__Description of the task__
Provide only the number of lines below that hold "비정규직을".

__Supplied material__

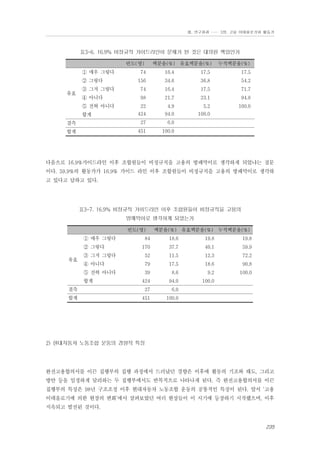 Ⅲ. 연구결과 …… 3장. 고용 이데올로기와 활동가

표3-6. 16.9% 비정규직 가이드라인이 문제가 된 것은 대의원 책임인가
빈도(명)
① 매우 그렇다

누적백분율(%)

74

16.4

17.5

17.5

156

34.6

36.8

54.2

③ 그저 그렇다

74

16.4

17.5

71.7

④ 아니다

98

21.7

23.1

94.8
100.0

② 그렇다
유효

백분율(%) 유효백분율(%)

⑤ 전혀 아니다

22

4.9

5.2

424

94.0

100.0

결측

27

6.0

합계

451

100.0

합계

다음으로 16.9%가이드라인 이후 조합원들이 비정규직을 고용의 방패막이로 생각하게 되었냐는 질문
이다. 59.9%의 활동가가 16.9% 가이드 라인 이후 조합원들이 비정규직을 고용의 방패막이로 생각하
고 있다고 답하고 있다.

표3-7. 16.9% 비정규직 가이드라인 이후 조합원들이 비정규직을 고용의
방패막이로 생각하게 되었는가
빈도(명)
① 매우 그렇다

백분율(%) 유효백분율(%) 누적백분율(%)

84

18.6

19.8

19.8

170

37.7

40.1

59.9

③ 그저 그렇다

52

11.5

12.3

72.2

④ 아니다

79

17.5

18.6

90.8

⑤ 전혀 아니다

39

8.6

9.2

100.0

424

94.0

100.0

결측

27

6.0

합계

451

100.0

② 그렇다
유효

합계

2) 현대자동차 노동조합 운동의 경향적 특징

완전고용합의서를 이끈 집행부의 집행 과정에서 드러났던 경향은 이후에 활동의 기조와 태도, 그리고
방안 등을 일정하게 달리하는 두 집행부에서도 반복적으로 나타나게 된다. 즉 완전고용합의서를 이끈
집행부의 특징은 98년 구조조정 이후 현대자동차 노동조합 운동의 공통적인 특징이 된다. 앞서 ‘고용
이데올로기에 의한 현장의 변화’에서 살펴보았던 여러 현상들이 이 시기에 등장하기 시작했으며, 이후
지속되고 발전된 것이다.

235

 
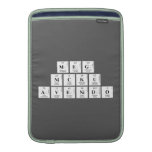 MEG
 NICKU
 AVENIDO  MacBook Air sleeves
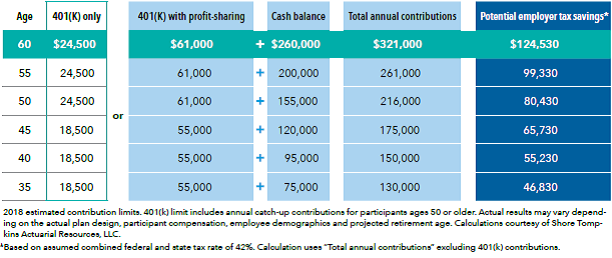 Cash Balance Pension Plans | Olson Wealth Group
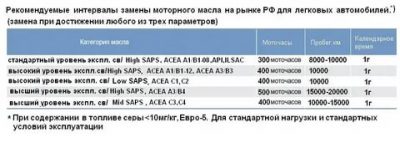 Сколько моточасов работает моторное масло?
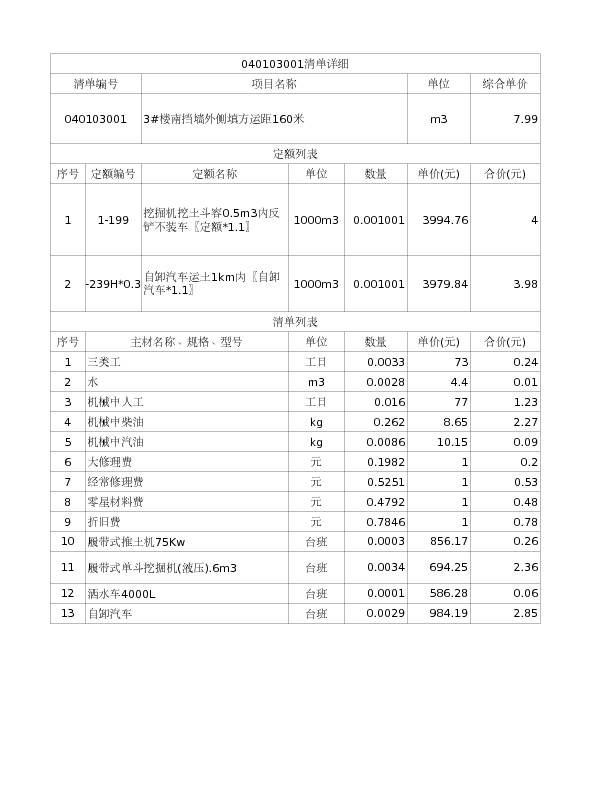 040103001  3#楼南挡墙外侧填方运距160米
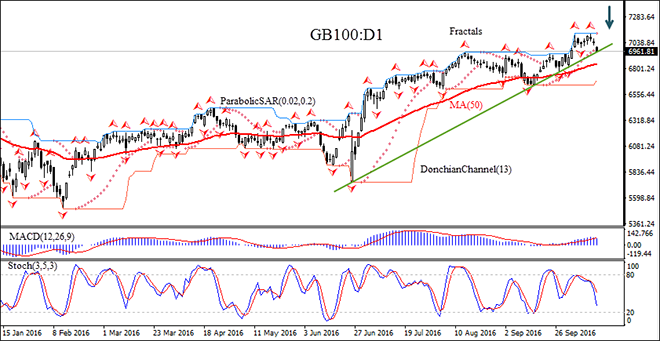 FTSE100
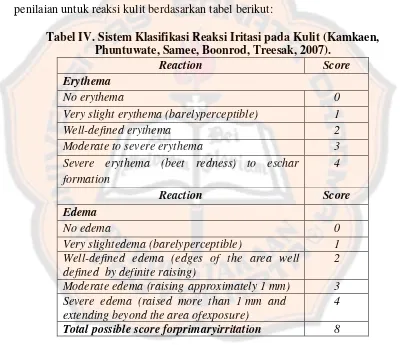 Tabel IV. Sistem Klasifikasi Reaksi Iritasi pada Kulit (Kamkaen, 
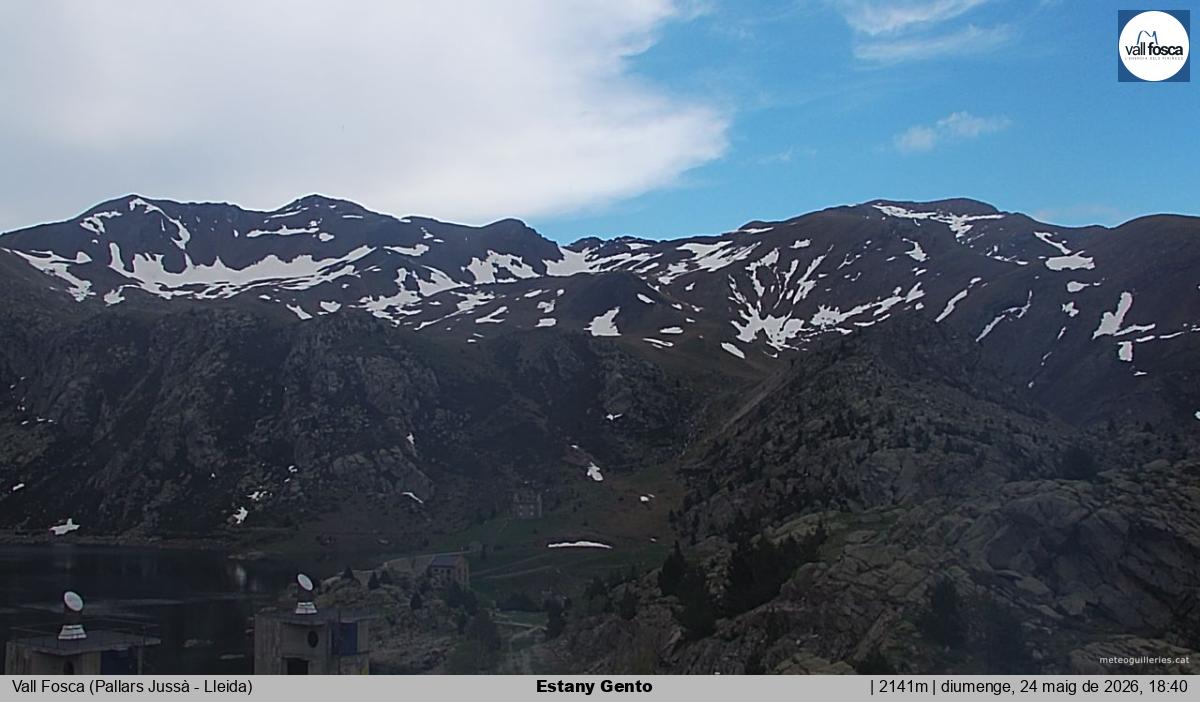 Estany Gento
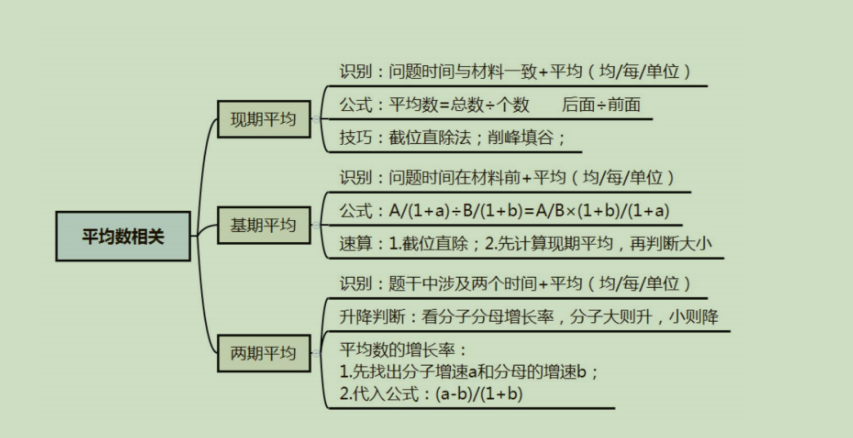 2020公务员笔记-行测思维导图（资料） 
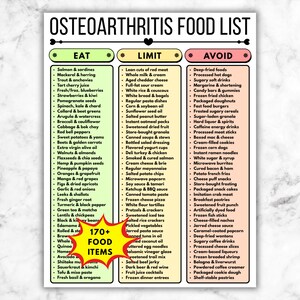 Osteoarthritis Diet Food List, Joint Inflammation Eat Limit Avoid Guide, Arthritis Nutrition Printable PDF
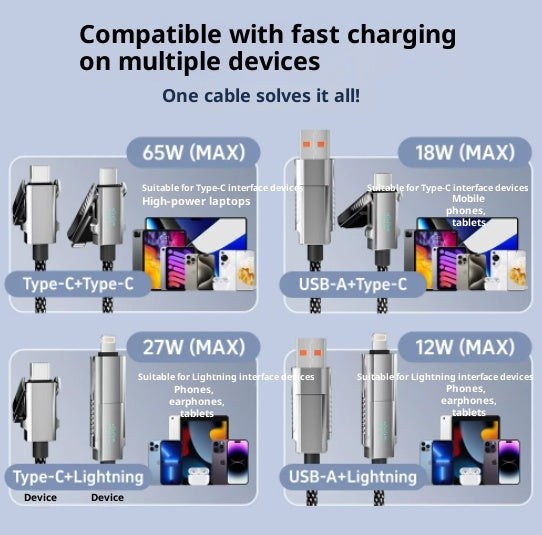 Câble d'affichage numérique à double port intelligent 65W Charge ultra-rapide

__Exercise response__
3